[Material provided — start]

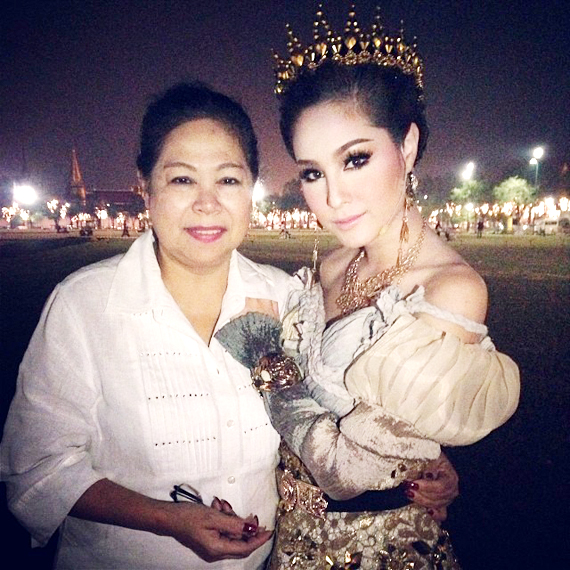 ขวัญ อุษามณี ละครเวที มหาชาติ มหาบุรุษ ขวัญ อุษามณี ละครเวที มหาชาติ มหาบุรุษ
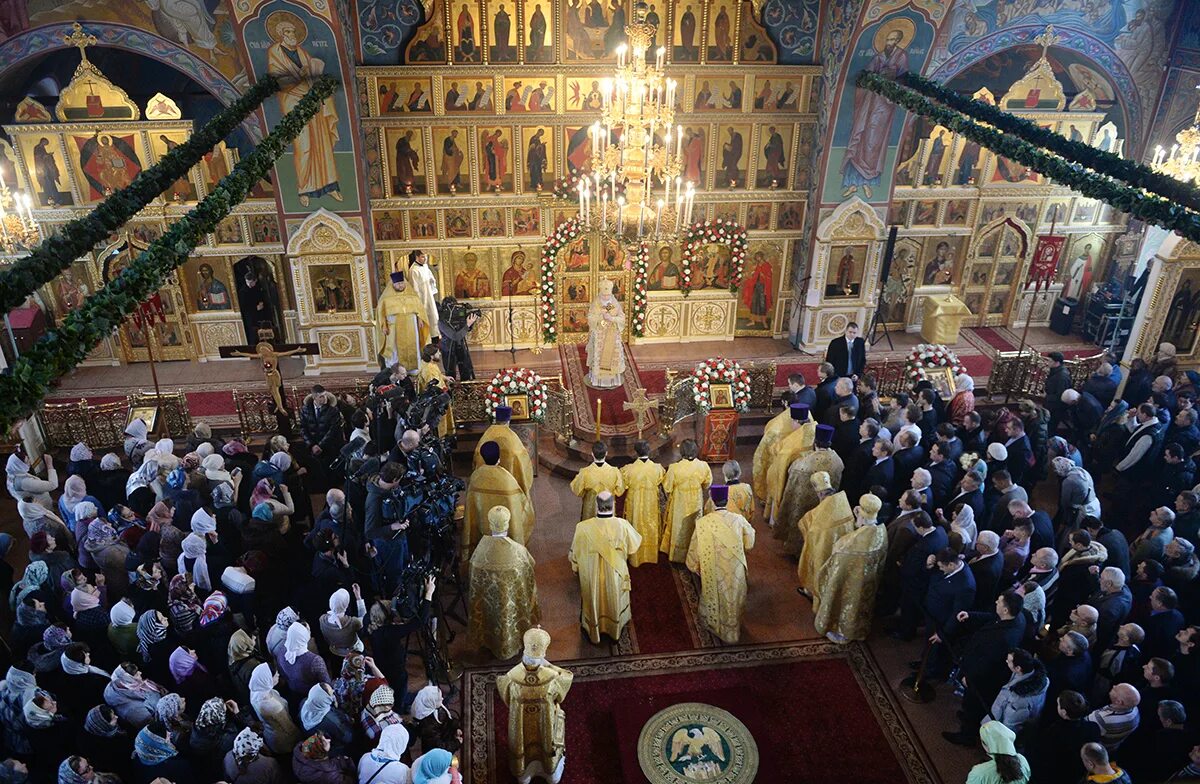 Каждое воскресенье в церкви. Храм Воскресения Христова на Семеновской. Храм на большой Семеновской в Москве. Храм Воскресения Христова на Семеновской внутри. Храм Воскресения Христова и новомучеников был освящен в 2017 г..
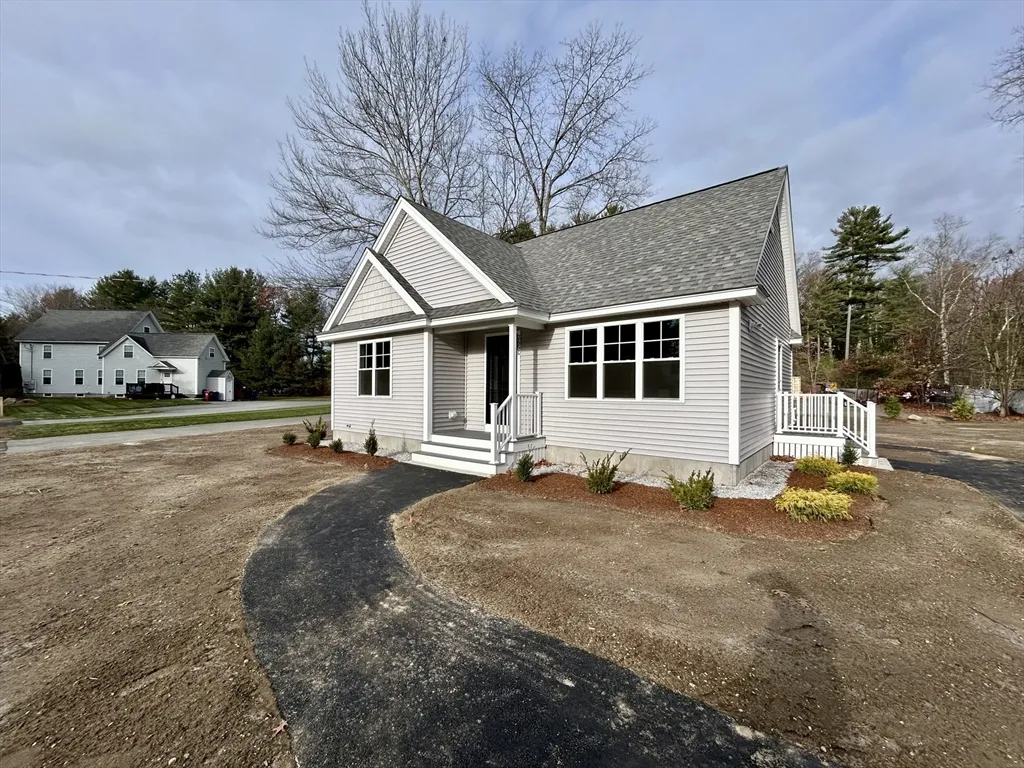 2 bed, 1 bath apartment for rent at 265 Dunstable Rd Unit C, Tyngsborough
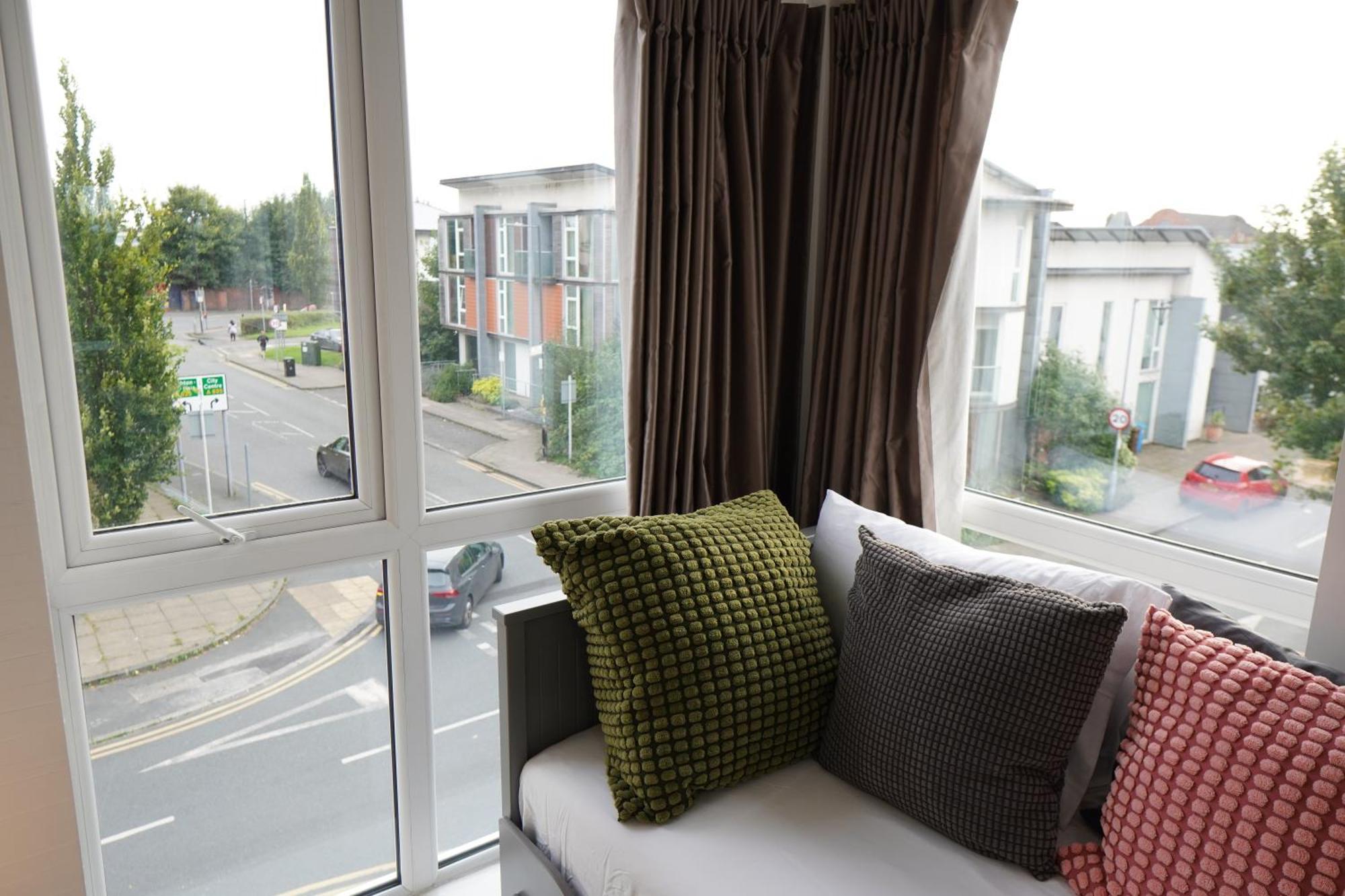 Luxury Rooms - Pick A Room - Free Parking & Kitchen Access, Near Etihad Stadium, The Coop Live & Piccadilly Station, Манчестер Экстерьер фото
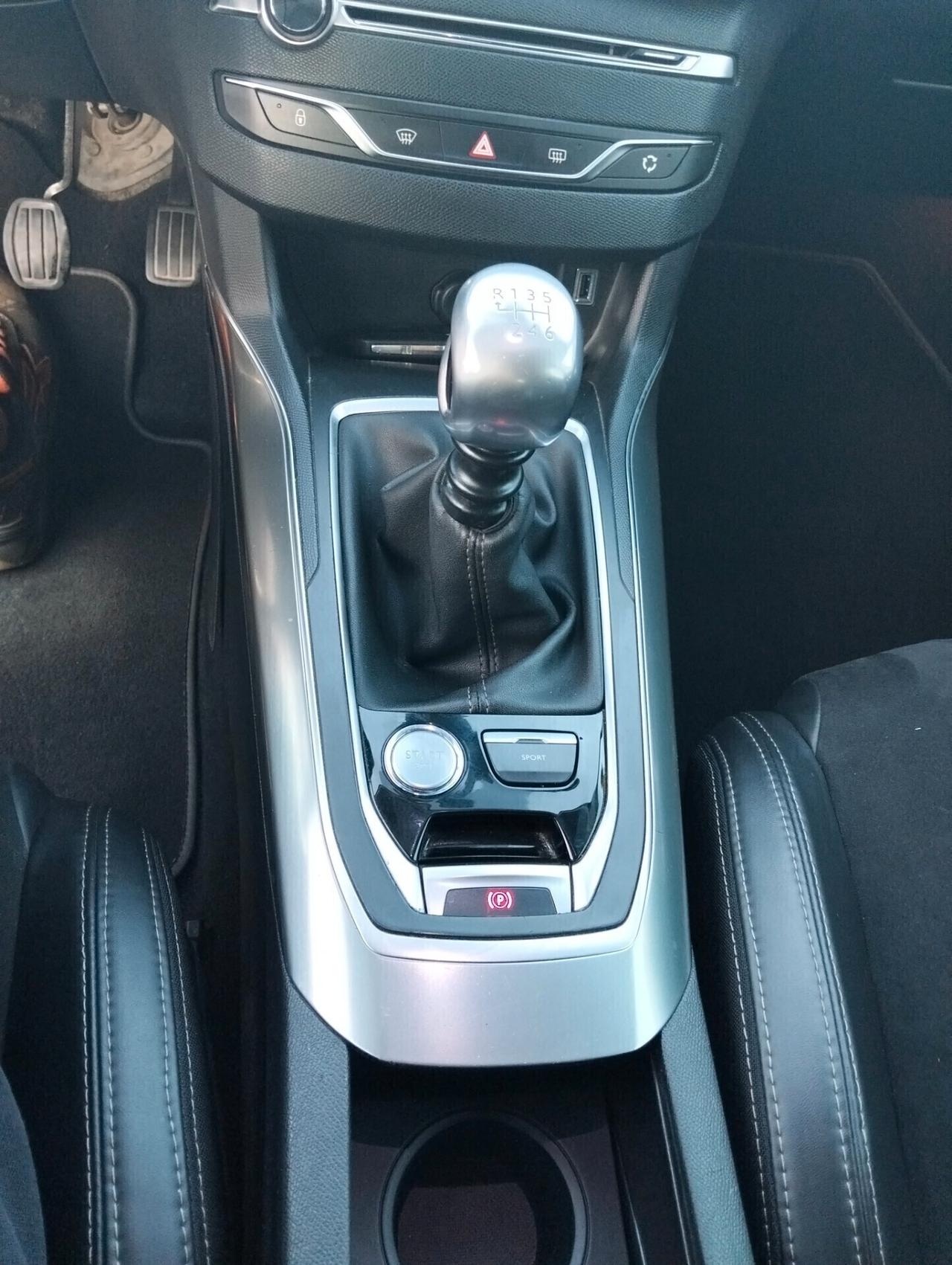 Peugeot 308 BlueHDi 150 S&S Allure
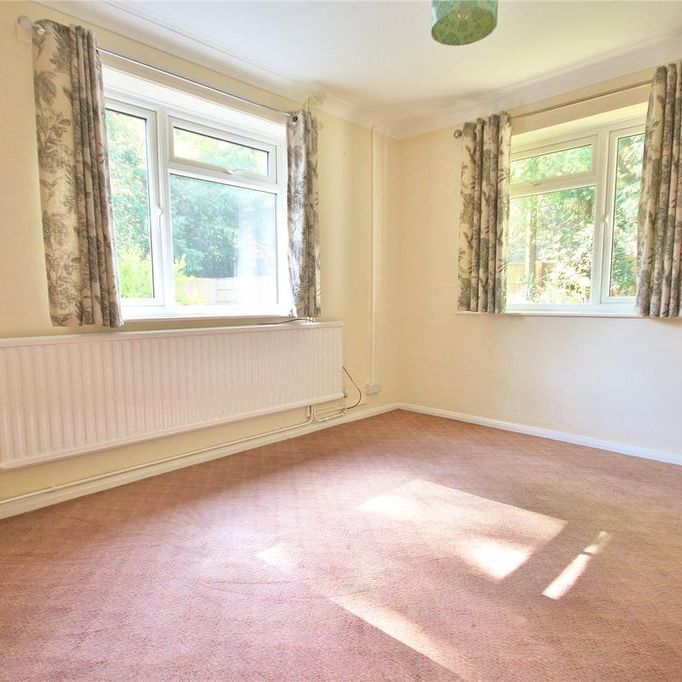 3 bedroom bungalow to rent - Photo 1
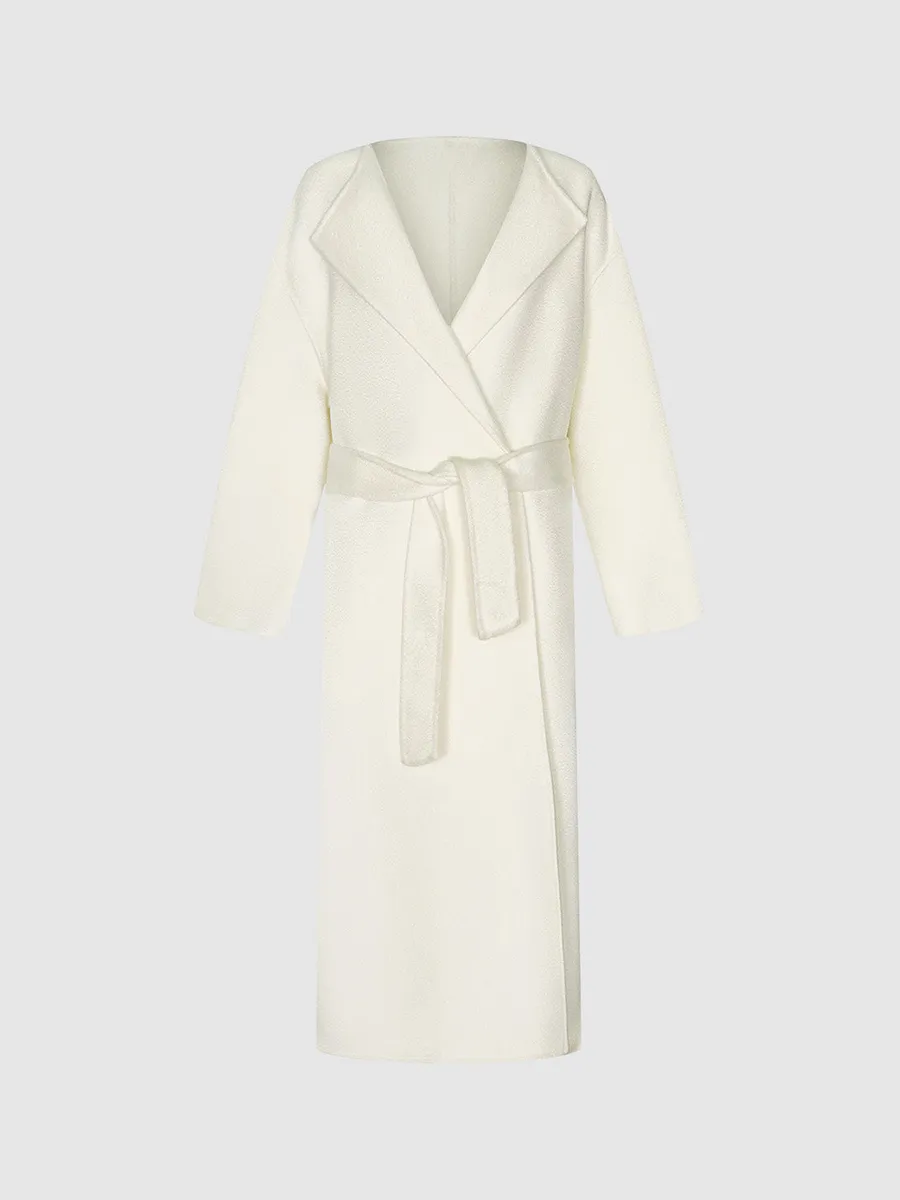 A Long White Elegant Trench Coat With A Large Lapel For Ladies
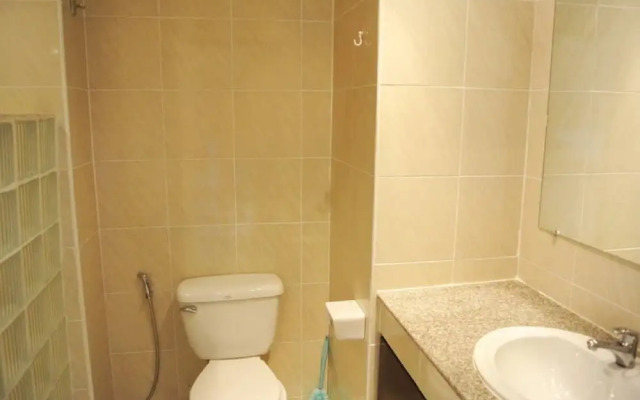 View Talay 5 Studio Apartment - Close to the Beach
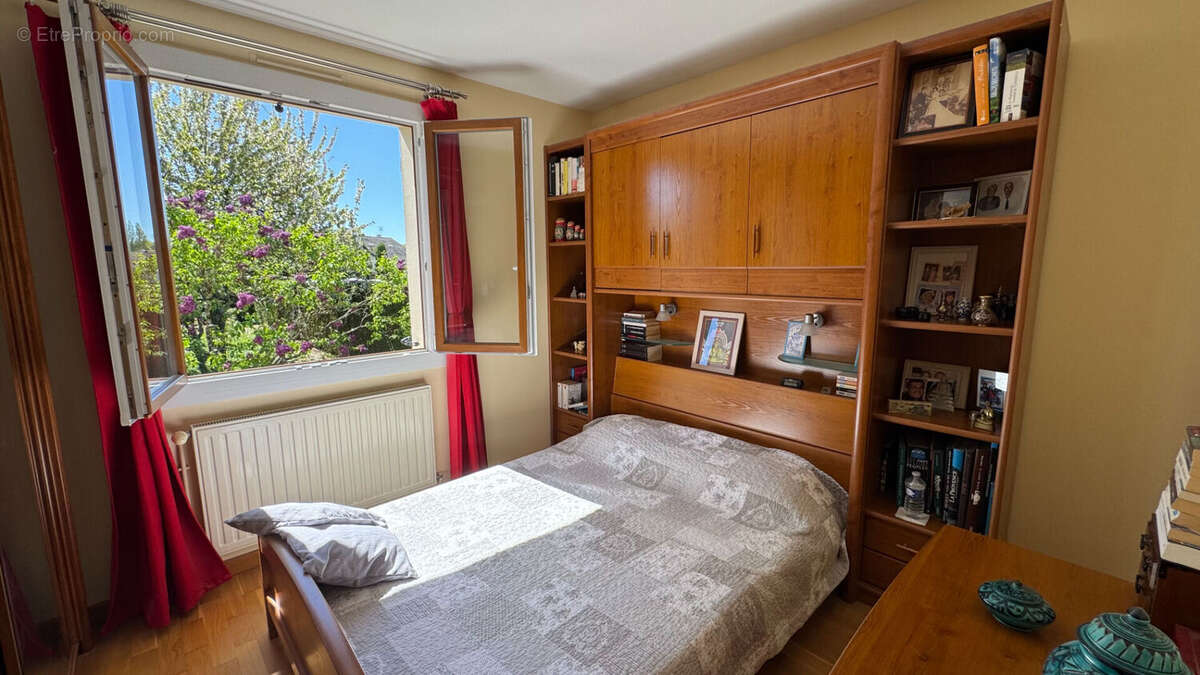 Maison à FONTAINE-LE-COMTE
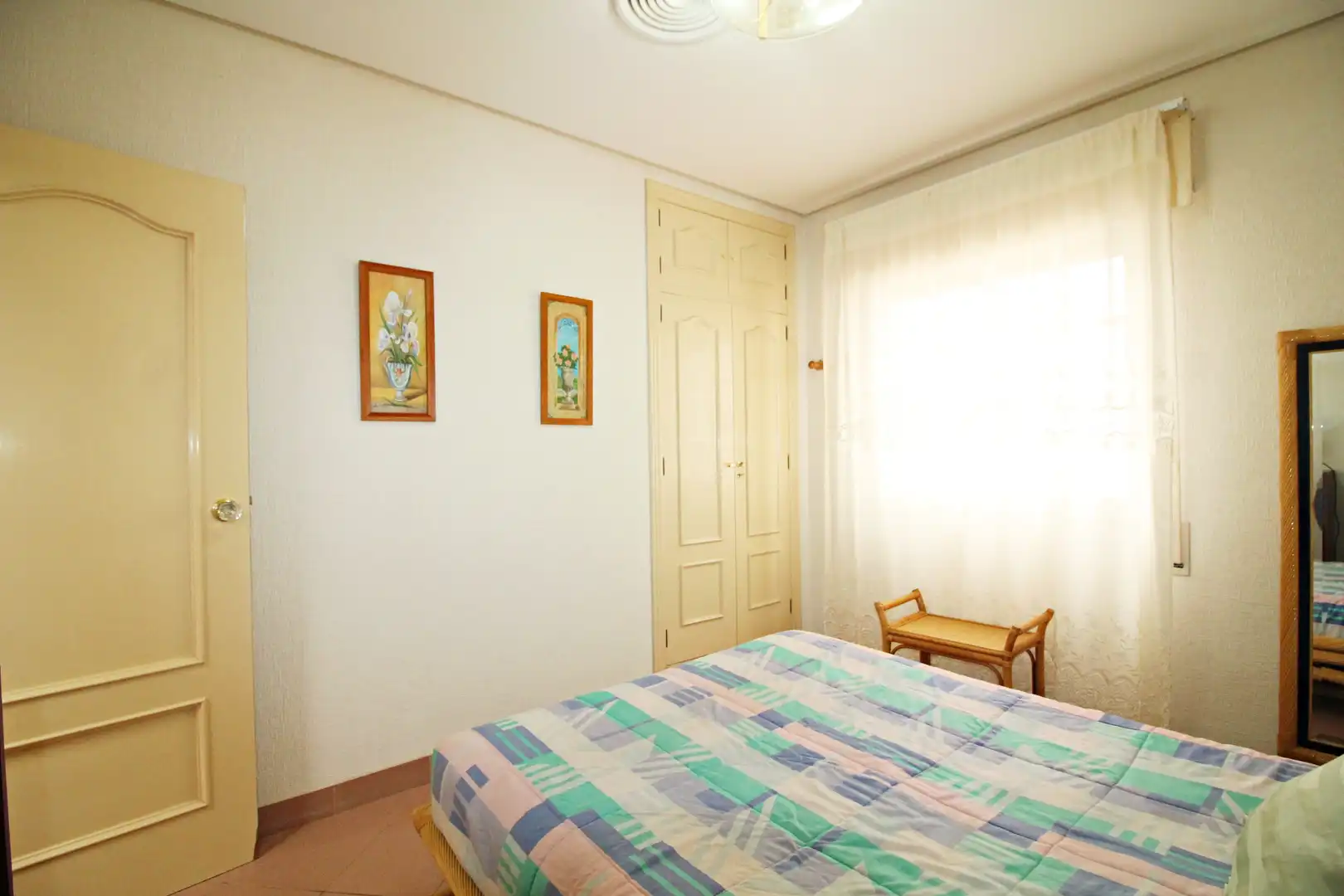 Habitación de Casa adosada en venta en Punta Umbría con Aire acondicionado, Terraza y Trastero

[Material provided — finish]

• **Exercise requirements**: Each line above should be written out again exactly, and no picture should appear in the copy.

• **Solved problem**:
 ขวัญ อุษามณี ละครเวที มหาชาติ มหาบุรุษ ขวัญ อุษามณี ละครเวที มหาชาติ มหาบุรุษ
 Каждое воскресенье в церкви. Храм Воскресения Христова на Семеновской. Храм на большой Семеновской в Москве. Храм Воскресения Христова на Семеновской внутри. Храм Воскресения Христова и новомучеников был освящен в 2017 г..
 2 bed, 1 bath apartment for rent at 265 Dunstable Rd Unit C, Tyngsborough
 Luxury Rooms - Pick A Room - Free Parking & Kitchen Access, Near Etihad Stadium, The Coop Live & Piccadilly Station, Манчестер Экстерьер фото
 Peugeot 308 BlueHDi 150 S&S Allure
 3 bedroom bungalow to rent - Photo 1
 A Long White Elegant Trench Coat With A Large Lapel For Ladies
 View Talay 5 Studio Apartment - Close to the Beach
 Maison à FONTAINE-LE-COMTE
 Habitación de Casa adosada en venta en Punta Umbría con Aire acondicionado, Terraza y Trastero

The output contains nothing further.